● About this exercise
Reproduce the material below only from the line with "LOWA Women's Merger GORE-TEX Lo White/Grey" to the line with "I’m Really Not", both included, keeping each line exact and dropping the pictures.

● Material provided
◆ ◆ ◆ ◆
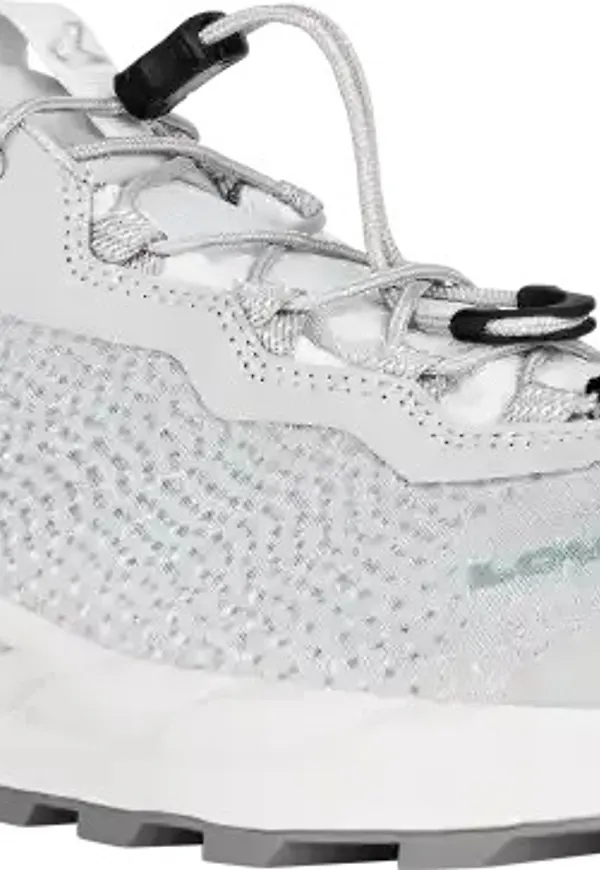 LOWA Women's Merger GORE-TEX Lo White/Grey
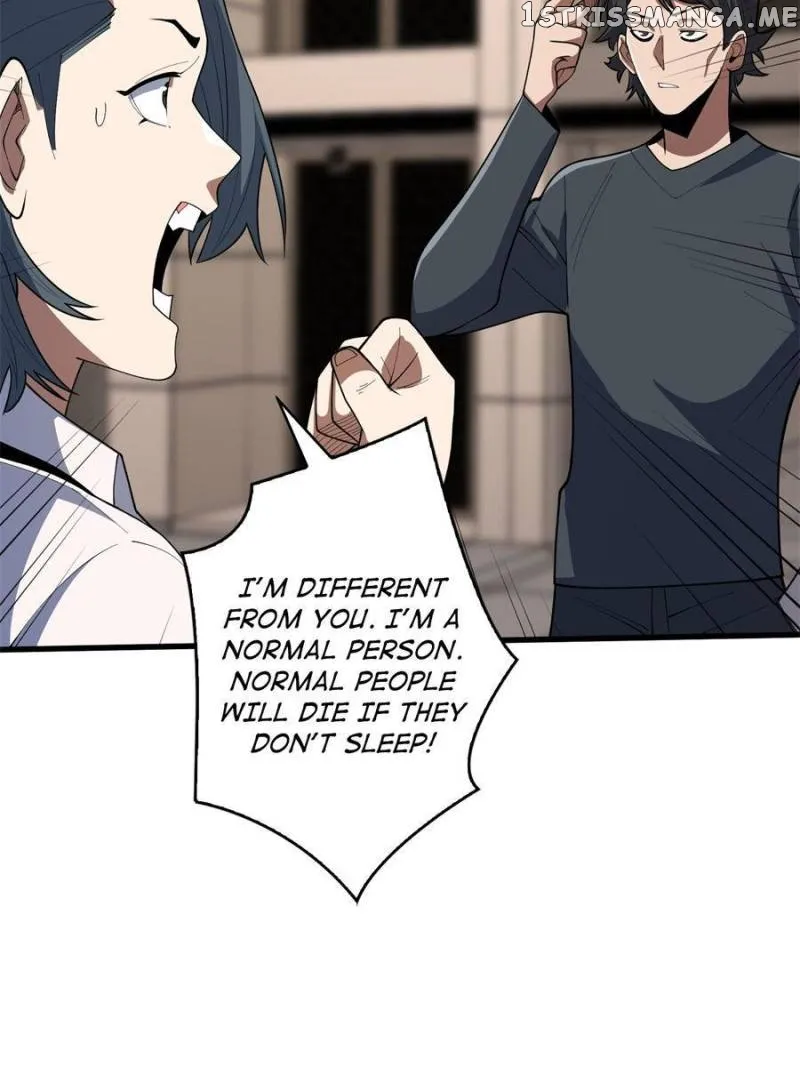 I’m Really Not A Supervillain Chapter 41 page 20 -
◆ ◆ ◆ ◆
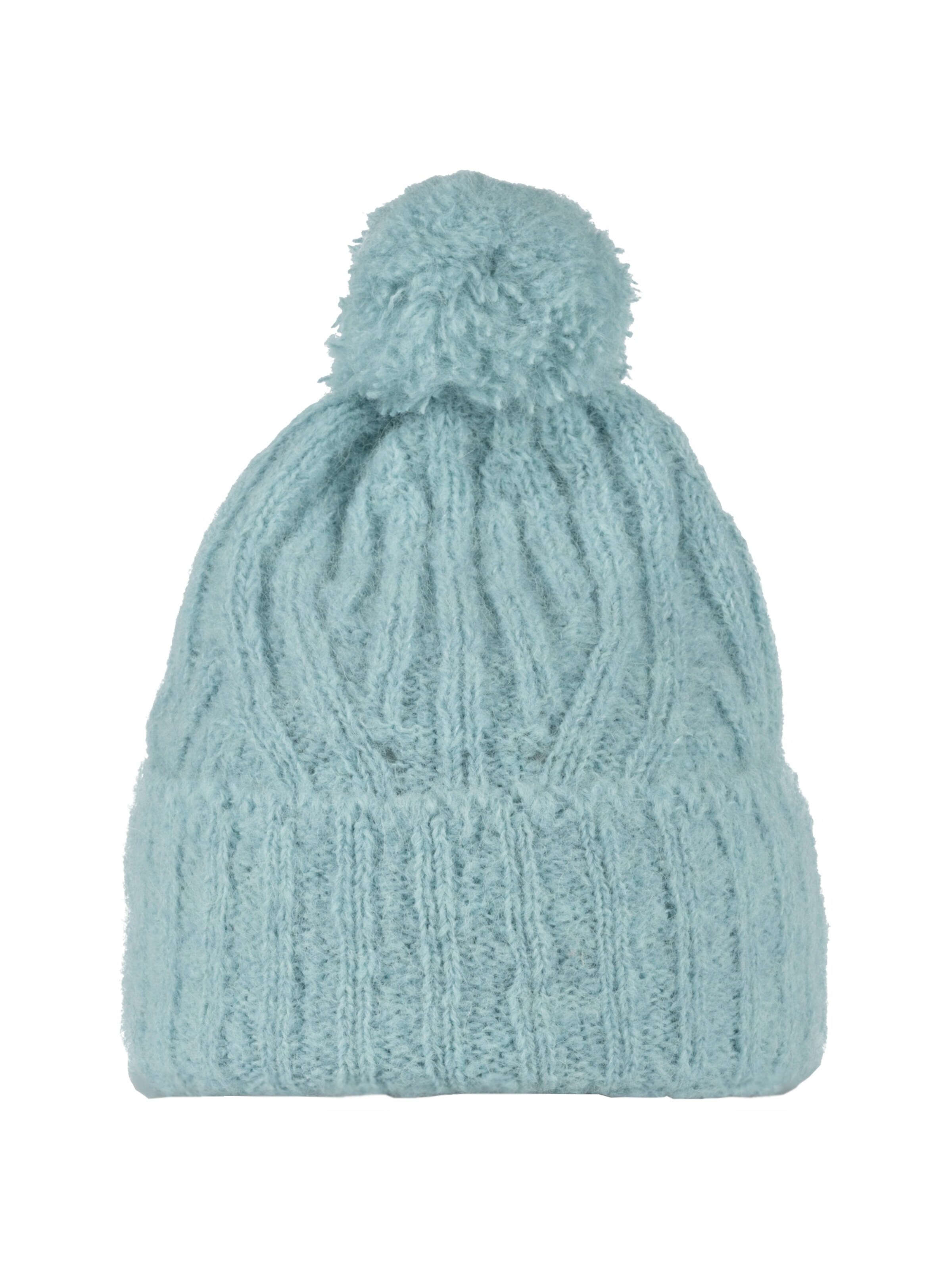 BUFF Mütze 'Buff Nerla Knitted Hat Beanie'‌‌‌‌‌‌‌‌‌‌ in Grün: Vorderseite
◆ ◆ ◆ ◆
● Problem solution
 LOWA Women's Merger GORE-TEX Lo White/Grey
 I’m Really Not A Supervillain Chapter 41 page 20 -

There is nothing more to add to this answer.